Attitude of workers and poor of Pakistan
Despite what is happening at the moment, it would be a mistake to really think that religious extremism enjoys the support of the broad masses. Perhaps the siege mentality of a segment of the liberal ‘progressives’ does reflect a resignation, even a sense of defeatism, about the extent to which retrogressive ideas have penetrated into homes, workplaces and the consciousness of working people.
However, the majority of Pakistani people do no not condone random acts of violence against perceived enemies of Islam. The media, certain intellectuals and scores of religious leaders are playing with the religious sentiments of the ordinary people. They are giving the impression that the government and western powers are trying to change or amend the existing blasphemy laws. They are trying to stoke up the emotions of the ordinary people with the idea that the dignity of the Holy Prophet is in danger. Their campaign is around the question of protecting it and this is indeed a very sensitive issue in the overwhelmingly Muslim majority society. The dignity and honour of the holy prophet is more important for ordinary Muslims than anything else, including their own lives. The religious leaders and militant groups are using this opportunity to garner support amongst the masses. They are giving misleading statements and emotionally charged sermons to exploit the situation.
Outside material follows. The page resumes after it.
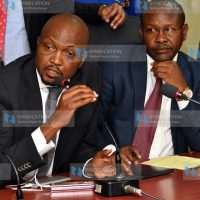 Gatundu South MP Moses Kuria (left) makes his remarks
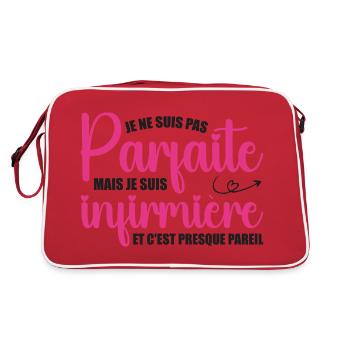Ich bin nicht perfekt, ich bin Krankenschwester - Retro Tasche - Rot/Weiß - Hinten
The government is in no position to oppose head on the phalanx of orthodox forces. It is likely to surpass its predecessor in buying security through more vigorous policies of appeasement. The government also faces increasing isolation from other institutions of the state. The political parties in opposition have already demonstrated their lack of interest in resisting the surge in influence of religious bigotry. The armed forces and perhaps the judiciary too are acting in a similar fashion.
The only force that can fight against religious bigotry is the working class. Only mobilising on the day to day ‘evils’ of poverty wages, rocketing prices and mass unemployment on a clear programme against the ‘evils’ of capitalism, landlordism and imperialism can it, with its colossal power, defeat religious extremism. A mass party of the working masses needs urgently to be built.